I have over the years tried to get a map showing the route of the pipes that was laid for the Metropolitan Water Board.

I believe those pipes were cast iron, by now they will have worn off all the bitumen coating on the inside and must be rusting away.

Hi Tony Rabbit,

I have already asked for details.

I get the impression, which I will check, that Thames Water were told a section 58 notice (barring utilities from digging up the road for two years) would be served and for whatever reason didn't act on that to highlight they might needed to replace a 42" water mains BEFORE Dunstans Road we renewed.


It might be worth while if I get a map of such mains and their age so that when other future roads get renewed the bleeding.


Council officers has insisted that any reinstatement where they put the road back is a whole half carriageway or where they stray across the centre line the whole carriageway.


I can only reiterate apologies to residents of Dunstans Road.

Thank you James.

The aquisition of these maps will disclose an absolute intrigue of underground services. Many of them are not mapped fully and it's only by excavation some are found and others make their presence obvious when they burst. As computedshorty has very interestingly posted (thank you shorty) we can expect to find several of these very large 42" pipes in ED and also in most other parts of London. Computedshorty relates his schoolboy story c1943 (during WW2). During the blitz severe damage was caused to the water infrastructure and as a result there were observed several serious shortcomings. The major one was that water services to the hydrants (for firefighting) couldn't be maintained. There was a limited system of redirecting resources which inevitably resulted in low pressure and an inability to provide sufficient volume demanded when several major fires were being fought. The then Metropolitan Water Board determined to remedy this by installing a system of major water ring mains (42" pipes) (and smaller capacity local water ring mains) enabling very large volumes to be redirected in the event of serious disruptions from bombing. The electricity supply companies also engineered their supplies in the same vein. Because these services were installed during wartime some records were not properly recorded and others have been destroyed due to enemy action. Due to the constaints of wartime the quality of these pipes was not the best. The majority of ED water piping is Victorian. How long can we expect common metal pipe, exposed to mineral erosion from the soil on the outside and erosion from water on the inside, to last. One of these 42" pipes did burst during the 1980's in Marmora Road (if my memory serves me) and the damage to housing as a tidal wave roared down the hill was considerable (front and back doors demolished along with the ground floor, people to be rescued from basements, fences / walls swept away, Peckham Rye Park and Holmstall Road totally flooded. (Now reminded I'll have to look this up in SLP archive).

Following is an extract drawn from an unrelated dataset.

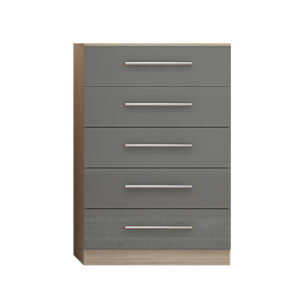 High Gloss Topbox 6 Door Dark Grey Mirrored Fitment Wardrobe + Double Dresser + Chest + 2 Bedsides - Image 7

Dear James. A smaller pipe bursting can be disruptive. We don't want one of these monsters to burst again. However no excuse for not observing notices and procedures and destroying a brand new road surface (at great expense). Thank you for your continuing observation.

What a complete and utter pain in the neck. Yet again more disrpution. I really can't now remember a time in the past year when either Dunstans Road or the top of Lordship Lane or Court Lane weren't dug up or partly blocked with temporary traffic lights. Horrendous traffic and my car has already been hit twice by irate drivers in recent history.......

citizenED Wrote:

-------------------------------------------------------

> And all this hassle to replace just 42" of pipe.

> God be Jesus.


xxxxxxx


Forgive my stupidity if that was a joke, but surely 42" is the diameter of the pipe, not its length? (Though seems very big!)